Segment Start: Extracted records

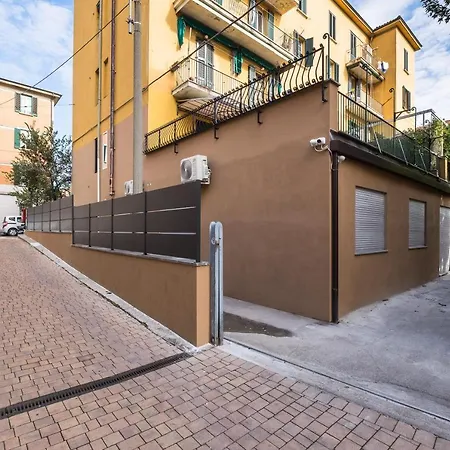 Residence Sant'Orsola - Pizzardi Suites Apartments Bologna Buitenkant foto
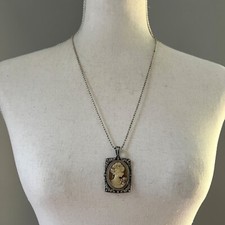 Vintage Style Victorian Revival Brown Rhinestone Cameo Pendant Necklace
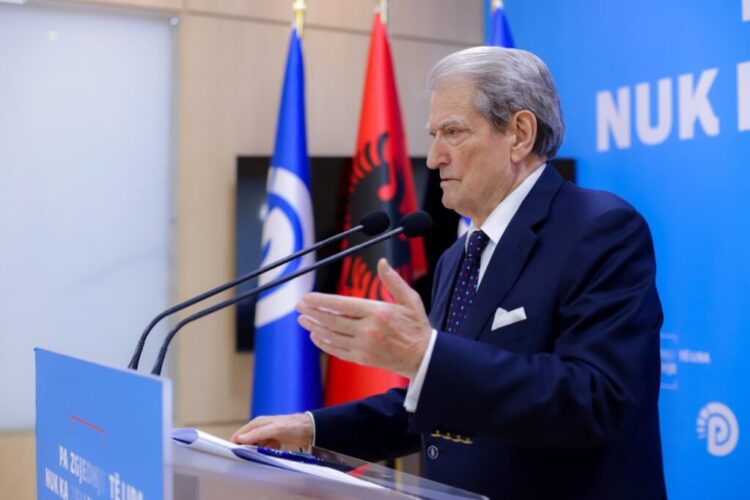 Berisha: Më 17 Prill shqiptarët duhet të marrin në dorë fatin e tyre dhe të vendit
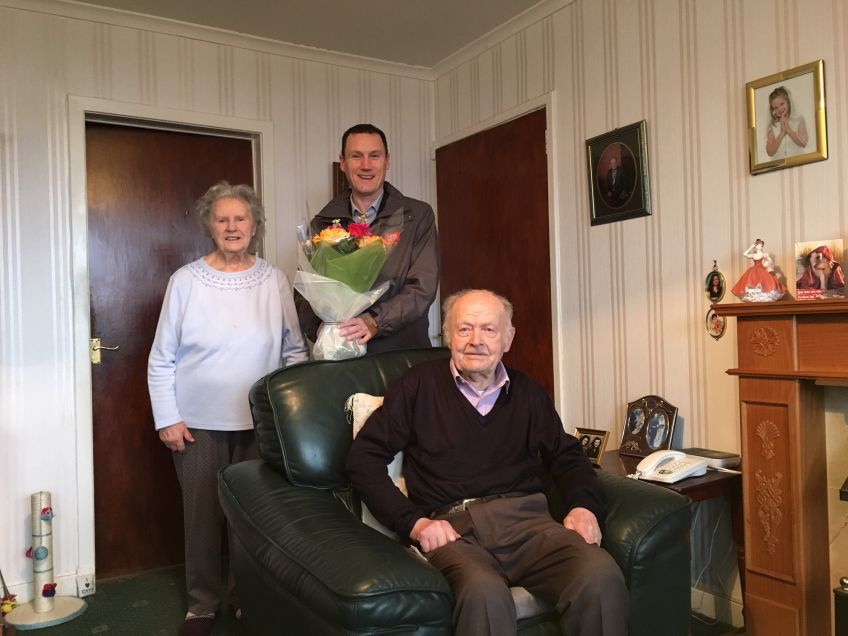 Tenants Sydney and Mary Lomas celebrate 70 years' of marriage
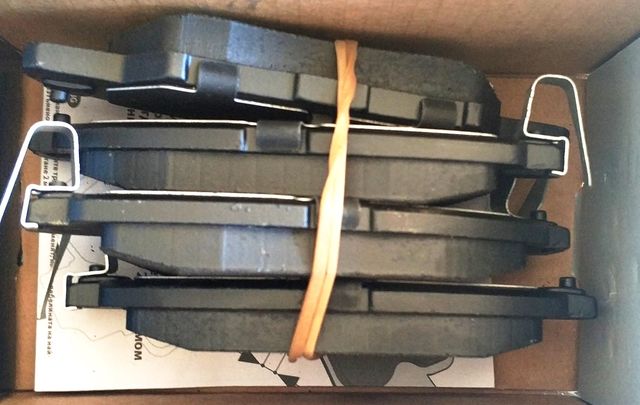 Тормозные колодки Miles (Semi-Metallic). Артикул E110562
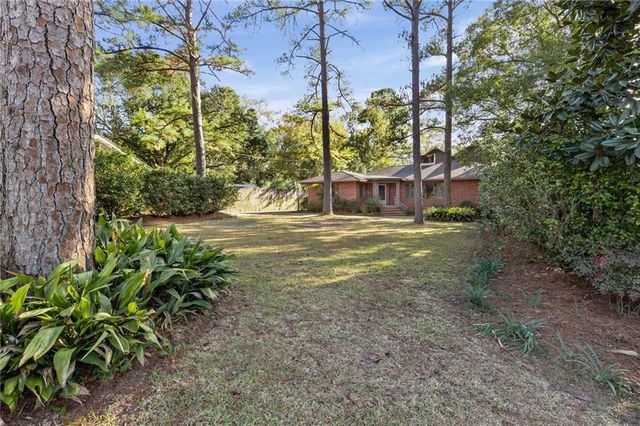 2315 Hillwood S Drive, Mobile, AL 36605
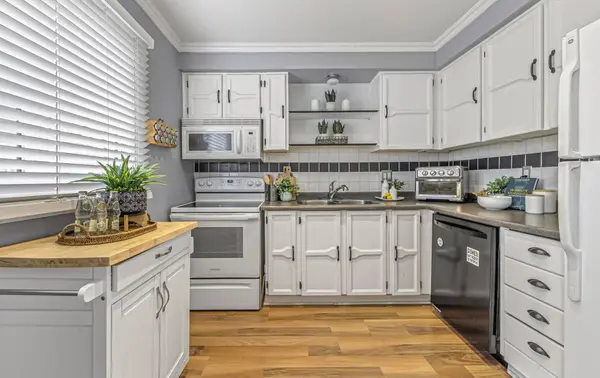 557 Birkdale ST, Oshawa, ON L1H 8C3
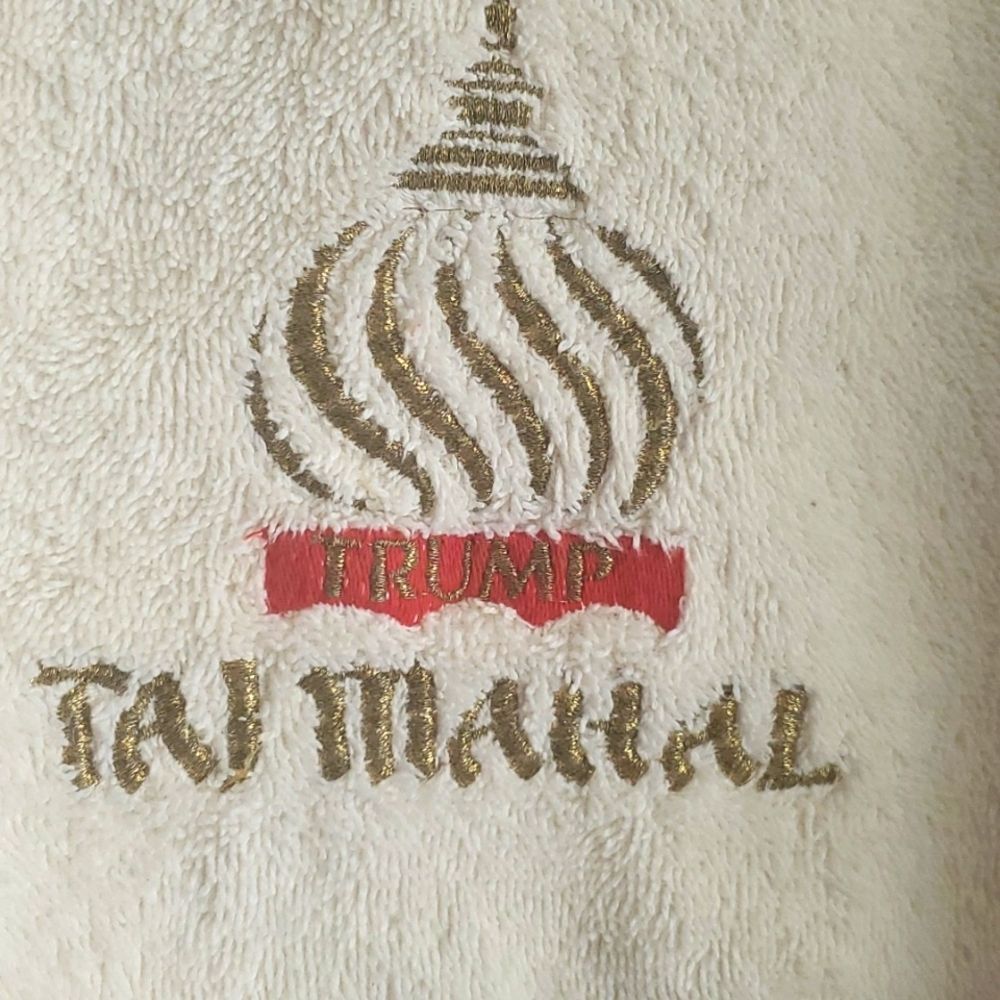 TRUMP TAJ MAHAL bath, beach towel blanket HUGE 34"x68" EXC CONDITION REGENT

Segment End: Extracted records

_Exercise goal_:
Reproduce each line above exactly, but not a single picture.

_Result of the exercise_:
 Residence Sant'Orsola - Pizzardi Suites Apartments Bologna Buitenkant foto
 Vintage Style Victorian Revival Brown Rhinestone Cameo Pendant Necklace
 Berisha: Më 17 Prill shqiptarët duhet të marrin në dorë fatin e tyre dhe të vendit
 Tenants Sydney and Mary Lomas celebrate 70 years' of marriage
 Тормозные колодки Miles (Semi-Metallic). Артикул E110562
 2315 Hillwood S Drive, Mobile, AL 36605
 557 Birkdale ST, Oshawa, ON L1H 8C3
 TRUMP TAJ MAHAL bath, beach towel blanket HUGE 34"x68" EXC CONDITION REGENT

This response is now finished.